Here in the UK we have had decades of Commonwealth migration and, as a result, our more immediate concerns arise from unskilled migrants from low wage EU nations coming here either to engage in low-level criminality and benefits tourism, or to price out of the market (often in the black economy) jobs that our own unskilled Britons would otherwise take. By contrast the EU “migration problem” of recent years is virtually exclusively one of refugees and economic migrants from the Middle East and Africa.
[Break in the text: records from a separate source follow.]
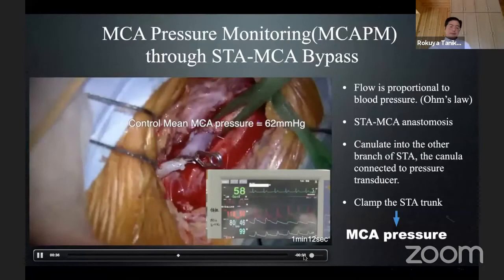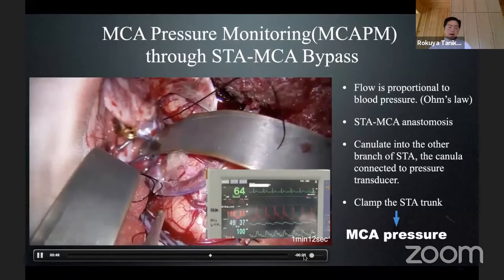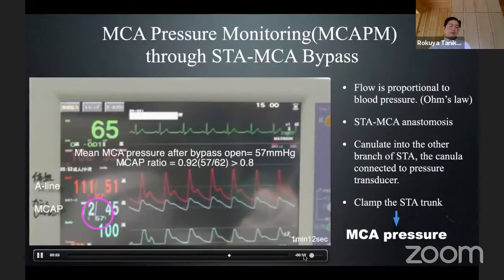After ICA occlusion, we can see the MCA pressure decline — from 62 to 43 mmHg. By opening the graft, the MCA pressure recovered from 43 to 57 mmHg — 92 percent of the control MCA pressure. This is real-time monitoring of graft functioning.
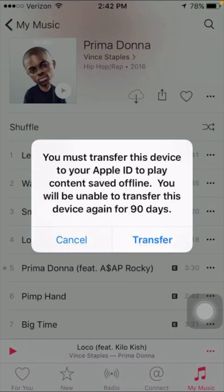Hi guys, welcome back to my YouTube channel and welcome back to my new video. This video is very informative and very interesting. In this video I'm going to show you how to fix the error: 'You must transfer this device to your Apple ID to play content saved offline. You will be unable to transfer this device again for 19 days.' So here is how to fix this problem.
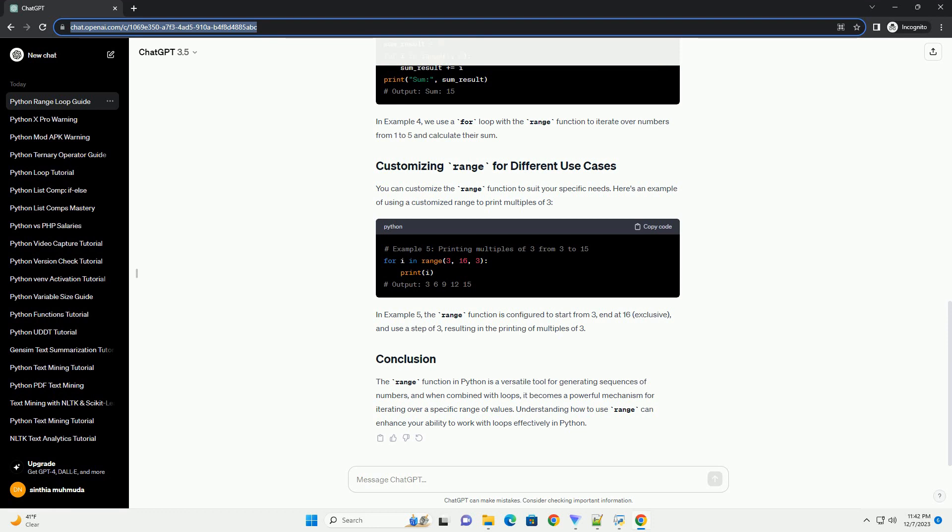The range function in Python is a versatile tool for generating sequences of numbers, and when combined with loops, it becomes a powerful mechanism for iterating over a specific range of values. Understanding how to use range can enhance your ability to work with loops effectively in Python.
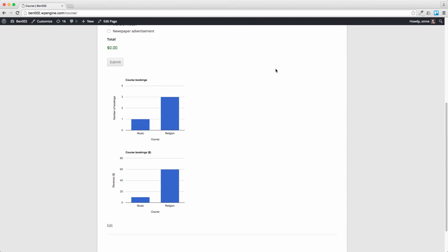We're now going to add a total revenue calculation and a progress bar to show revenue against target.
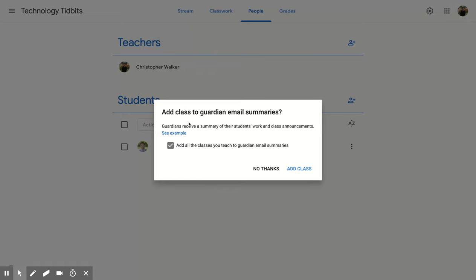And you'll notice it says add class to guardian email summaries. So guardians receive a summary of their students' work and class announcements, and you can even see an example. And so you can decide to add all the classes you teach to guardian email summaries, or you can click off of that.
Read more: Breaking EU up will take time to do: Brexit will go on for years
Indeed in most of Europe the right to free movement is viewed as a cherished privilege, not least by those parts of the EU that were under Communist rule until 1989. It is worth remembering that Merkel herself lived behind the Iron Curtain for the first three decades of her life. Any restriction on movement within the boundaries of the EU is essentially regarded as a fundamental betrayal of European values by most of our neighbours. Similarly, when UK politicians talk of the benefits of a points-based system to restrict movement, political leaders in Poland, Hungary and the Baltic States (instinctively inclined to support the UK) interpret this as a British attempt to asset-strip the most talented young people from their nations.
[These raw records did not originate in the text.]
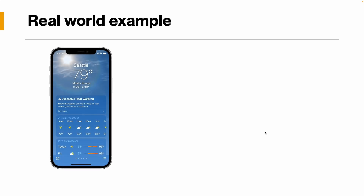Here is a phone with a weather app showing the temperature in Seattle — 79 degrees Fahrenheit, some excessive heat warning, and a 10-day forecast. The question is: how is this weather app accessing live data? If you refresh, the data changes. Is all the location data — Seattle, Mumbai, Kolkata — stored in the app itself? This is what we'll understand, and the web service integration concept will become clear.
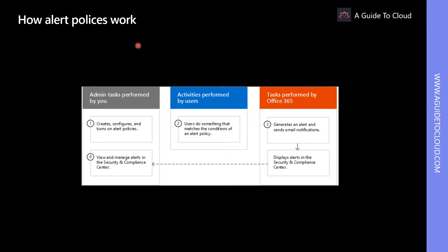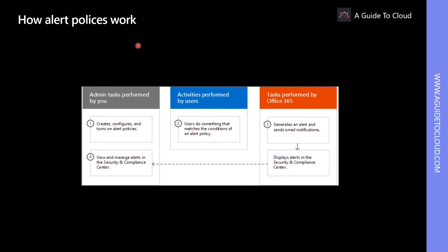Alert policies help administrators identify events in their tenants that could indicate a security breach, an abuse of administrative privileges, or other activities that require monitoring. Alert policies send email notifications and track recognized events on an alert dashboard in the Security and Compliance Center to keep track of events in a tenant.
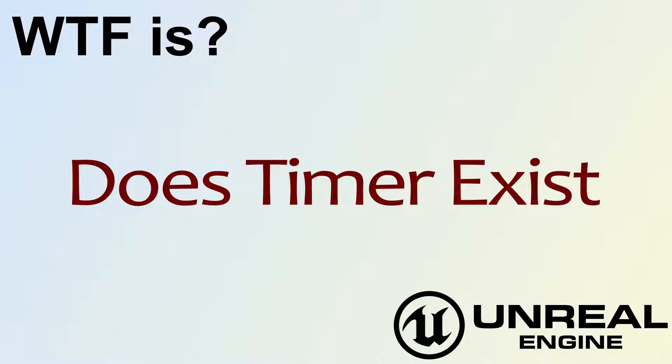Hello, welcome to the video for what is the Does Timer Exist node?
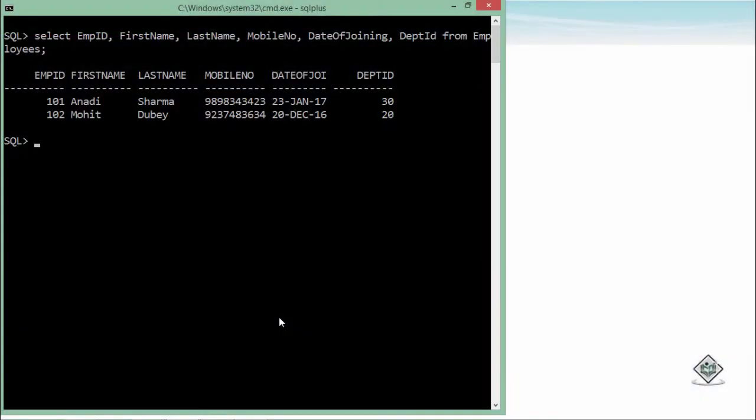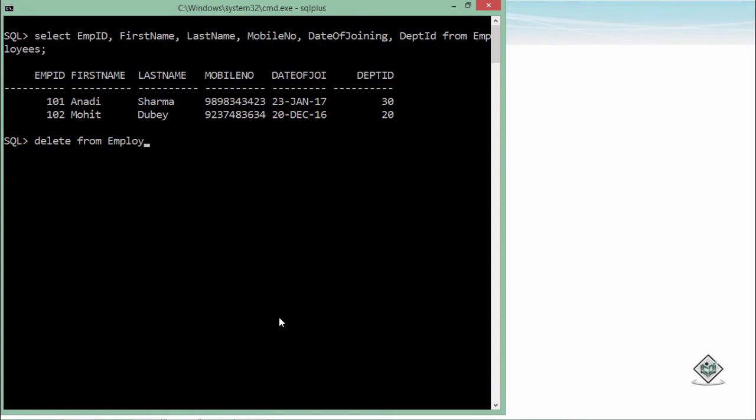For deleting the data, first of all you will have to write a DELETE keyword and after that an optional FROM keyword. Even if you will not write FROM, it will be fine and the syntax will be working correctly. So DELETE FROM, after that you will have to specify the table name.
In the midst of a fluid, fast-moving political situation no one can accurately predict the outcome of our exit negotiations, which is why it is sensible to leave as many options on the table for as long as possible. These talks will not take place in a vacuum; domestic elections this spring in the Netherlands, France and possibly Italy will be followed by the German General Election in early autumn. Fresh turmoil in the Eurozone may yet influence the sentiment of UK voters as to the type and speed of Brexit to which we should aspire.
Read more: Britain must be tough but empathetic toward the EU to secure a good Brexit
One of the more remarkable, if largely unremarked upon, elements of British public life since last June’s referendum is the largely static public opinion in the aftermath of these momentous events. The catalyst for this changing may come from the realisation that Project Fear has been replaced by a firm commitment to Global Britain and an outward-looking, positive sense of purpose, or more likely still by events beyond the European continent.
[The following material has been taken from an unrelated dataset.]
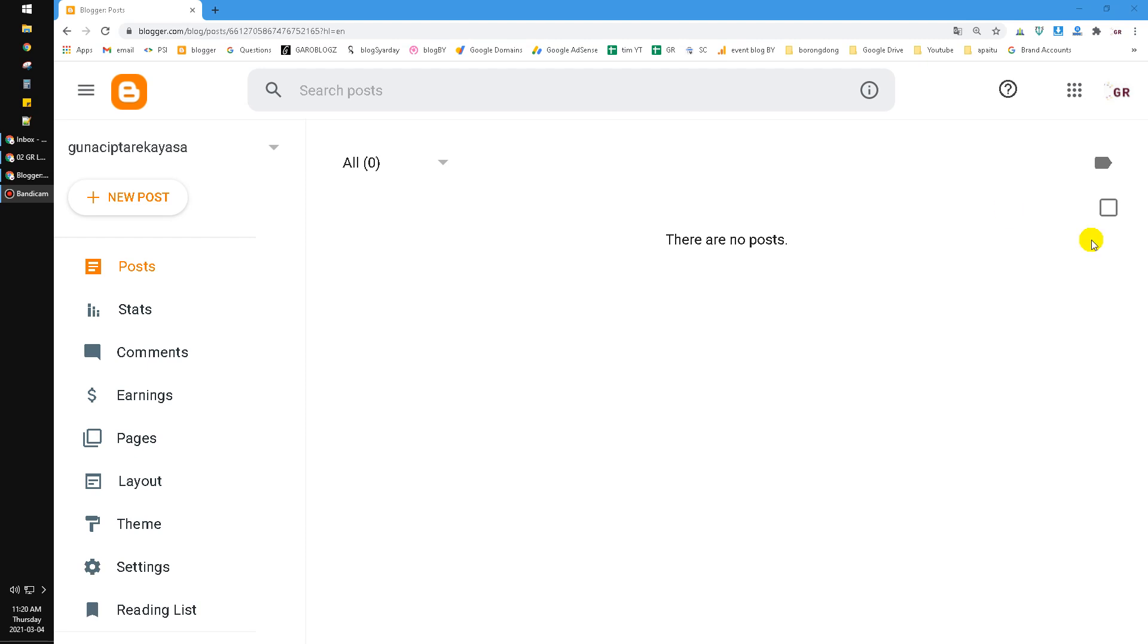Hi, hello everyone, welcome to this channel. On this short video, I will show you how to invite people on your blog in Blogger.com.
Arguably the election of Donald Trump may prove the biggest factor in dictating the terms of our separation from the EU. Rapid regulatory liberalisation in the US financial services sphere may persuade the City of London that the more pressing threat to its business comes from Wall Street arbitrage rather than the tortuous terms of a transition, passporting or equivalence accommodation with the EU.
Equally, Europe’s army of disaffected electors now see that they have within their grasp the power to turn politics upside down – although notionally standing under conventional Republican Party colours, Trump’s victory was as a maverick insurgent. The EU’s elites gravely misjudge events if they believe the answer to contemporary instability is “more of the same”.
Inside a few years, although probably not within the narrow Article 50 timeframe, the EU’s cherished Single Market, alongside its position over the free movement of people, is likely to be diluted beyond recognition. European political leaders grapple with their own waves of populist political triumph in the aftermath of the Brexit vote and Trump’s triumph. While this points to a quick-fire, clean break from the EU, we should all recognise that in the detail there is still much to play for.